Watkins v. Watkins (In Re Watkins)

355 B.R. 10, 2006 Bankr. LEXIS 3029, 2006 WL 3290918
CourtUnited States Bankruptcy Court, W.D. Kentucky
DecidedNovember 9, 2006
Docket19-40162
StatusPublished
Cited by1 cases

This text of 355 B.R. 10 (Watkins v. Watkins (In Re Watkins)) is published on Counsel Stack Legal Research, covering United States Bankruptcy Court, W.D. Kentucky primary law. Counsel Stack provides free access to over 12 million legal documents including statutes, case law, regulations, and constitutions.

Bluebook
Watkins v. Watkins (In Re Watkins), 355 B.R. 10, 2006 Bankr. LEXIS 3029, 2006 WL 3290918 (Ky. 2006).

Opinion

*12 MEMORANDUM-OPINION

JOAN A. LlOYD, Bankruptcy Judge.

This matter came before the Court for trial on the Complaint Objecting to Discharge of Plaintiff Donald Ray Watkins (“Watkins”) against Defendant/Debtor Juanita Lynn Watkins (“Debtor”). The Court considered the evidence and testimony submitted at trial and the arguments of counsel. For the following reasons, the Court will enter judgment in favor of the Debtor. The following constitutes the Court’s Findings of Fact and Conclusions of Law pursuant to Rule 7052 of the Federal Rules of Bankruptcy Procedure.

FINDINGS OF FACT

Watkins and the Debtor were married in 1995. The parties divorced in 2004. As a result of the divorce the state court entered an Order dated July 12, 2004 which stated, in pertinent part:

(3) the parties own a house and acreage on Highway 62 in Muhlenberg County. The property shall be awarded to Petitioner (Debtor). She will be responsible for the indebtedness....
(6) the Petitioner (Debtor) is ordered to pay the Respondent (Watkins) the sum of Forty-two Thousand ($42,000) Dollars over a term of four (4) years beginning on April 7, 2003. The Respondent will execute a Quitclaim Deed conveying his interest in the Highway 62 property to the Petitioner, and the Petitioner will execute a Mortgage in the amount of Forty-two Thousand ($42,000) Dollars, giving the Respondent a lien on the Highway 62 property.

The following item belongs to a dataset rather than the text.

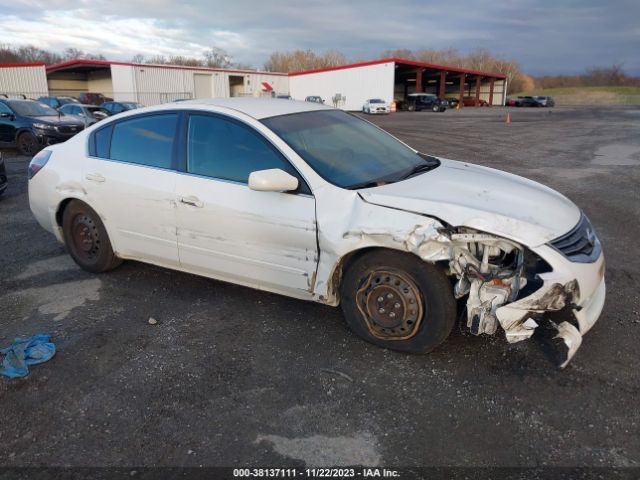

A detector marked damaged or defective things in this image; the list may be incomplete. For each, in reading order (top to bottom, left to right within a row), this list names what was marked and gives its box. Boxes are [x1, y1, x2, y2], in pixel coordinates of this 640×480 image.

severe front-end damage [318, 187, 608, 368]
crumpled hood [360, 158, 580, 248]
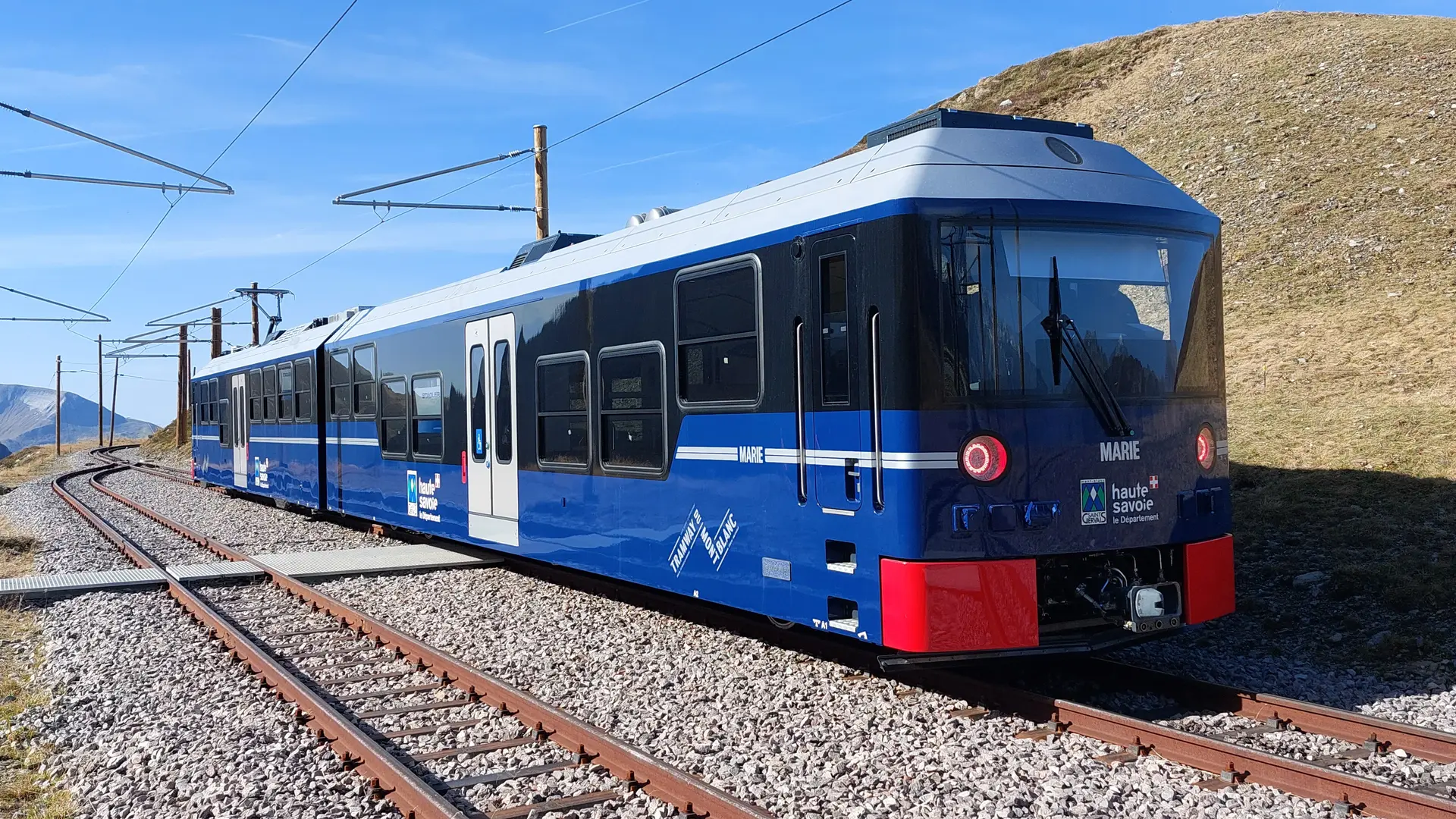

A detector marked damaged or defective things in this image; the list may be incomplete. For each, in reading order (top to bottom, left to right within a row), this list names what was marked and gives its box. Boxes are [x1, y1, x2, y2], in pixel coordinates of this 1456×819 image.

Plaintiff has been on social security disability due to a back injury since 1987. He receives $2,300 per month in social security benefits. His current monthly expenses are as follows: $280 for rent, $75 for utilities, $12 for water, $50 for telephone, $50 for cable, $350 for food, $40 for clothing, $42 for medication, $650 for transportation, $25 for recreation, $76 for life insurance, $50 for car insurance and $150 for a bank loan. He drives a 1998 GMC truck worth approximately $6,800. In addition to social security he also receives a pension from the UMAW of $321 per month. This leaves him an extra $300 per month after expenses.

During the parties marriage, Watkins used $18,000 of his own separate funds to purchase the Highway 62 farm. The parties listed the farm for $280,000 and unsuccessfully tried to sell it for three years. At the time of the divorce the farm had a mortgage of $220,000 in favor of Old National Bank.

Although the state court’s Order of July 12, 2004, required him to execute a Quitclaim Deed, he did not do so because the property was already mortgaged and there was no point in Watkins obtaining a new mortgage from the Debtor. He and Debt- or agreed to sell the farm for $200,000. There was no pending foreclosure and the bank agreed to waive the deficiency claim.

According to the July 12, 2004 Order, Debtor was to begin making payments to Watkins on the $42,000 debt in April of 2003. Watkins took no action to enforce the Order and Debtor took no steps to execute a mortgage in favor of Watkins. Debtor has paid nothing to Watkins on the debt.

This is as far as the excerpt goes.